INPUT MATERIAL:
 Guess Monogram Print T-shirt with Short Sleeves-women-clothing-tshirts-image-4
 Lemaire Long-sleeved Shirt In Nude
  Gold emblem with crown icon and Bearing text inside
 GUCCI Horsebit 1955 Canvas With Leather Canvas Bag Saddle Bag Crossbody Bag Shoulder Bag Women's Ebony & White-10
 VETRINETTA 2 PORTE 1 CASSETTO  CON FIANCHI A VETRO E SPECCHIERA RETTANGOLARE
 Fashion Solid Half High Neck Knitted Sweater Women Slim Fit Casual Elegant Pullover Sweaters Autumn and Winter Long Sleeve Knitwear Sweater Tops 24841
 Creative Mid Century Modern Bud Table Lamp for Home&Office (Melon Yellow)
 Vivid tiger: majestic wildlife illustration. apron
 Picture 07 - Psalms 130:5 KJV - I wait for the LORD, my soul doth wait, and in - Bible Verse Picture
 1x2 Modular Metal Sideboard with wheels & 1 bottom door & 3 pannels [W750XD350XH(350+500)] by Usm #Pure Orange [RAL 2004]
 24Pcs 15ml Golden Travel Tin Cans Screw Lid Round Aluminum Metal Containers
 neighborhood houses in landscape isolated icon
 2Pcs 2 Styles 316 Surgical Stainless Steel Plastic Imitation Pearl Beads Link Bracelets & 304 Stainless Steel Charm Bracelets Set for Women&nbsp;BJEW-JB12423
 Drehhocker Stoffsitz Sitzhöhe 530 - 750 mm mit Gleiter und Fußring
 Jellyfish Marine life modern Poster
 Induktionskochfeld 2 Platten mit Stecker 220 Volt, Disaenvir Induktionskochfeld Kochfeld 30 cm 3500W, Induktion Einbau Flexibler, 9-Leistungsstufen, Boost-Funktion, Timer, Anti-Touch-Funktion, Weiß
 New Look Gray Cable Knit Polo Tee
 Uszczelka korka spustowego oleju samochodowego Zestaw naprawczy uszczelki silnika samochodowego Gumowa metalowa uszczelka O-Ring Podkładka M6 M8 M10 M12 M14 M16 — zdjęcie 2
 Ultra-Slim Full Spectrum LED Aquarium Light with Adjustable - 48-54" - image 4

WHAT IS EXPECTED:
Output nothing but the lines from the one containing "1x2 Modular Metal" through the last line of the data, exactly as they stand.

SOLUTION:
 1x2 Modular Metal Sideboard with wheels & 1 bottom door & 3 pannels [W750XD350XH(350+500)] by Usm #Pure Orange [RAL 2004]
 24Pcs 15ml Golden Travel Tin Cans Screw Lid Round Aluminum Metal Containers
 neighborhood houses in landscape isolated icon
 2Pcs 2 Styles 316 Surgical Stainless Steel Plastic Imitation Pearl Beads Link Bracelets & 304 Stainless Steel Charm Bracelets Set for Women&nbsp;BJEW-JB12423
 Drehhocker Stoffsitz Sitzhöhe 530 - 750 mm mit Gleiter und Fußring
 Jellyfish Marine life modern Poster
 Induktionskochfeld 2 Platten mit Stecker 220 Volt, Disaenvir Induktionskochfeld Kochfeld 30 cm 3500W, Induktion Einbau Flexibler, 9-Leistungsstufen, Boost-Funktion, Timer, Anti-Touch-Funktion, Weiß
 New Look Gray Cable Knit Polo Tee
 Uszczelka korka spustowego oleju samochodowego Zestaw naprawczy uszczelki silnika samochodowego Gumowa metalowa uszczelka O-Ring Podkładka M6 M8 M10 M12 M14 M16 — zdjęcie 2
 Ultra-Slim Full Spectrum LED Aquarium Light with Adjustable - 48-54" - image 4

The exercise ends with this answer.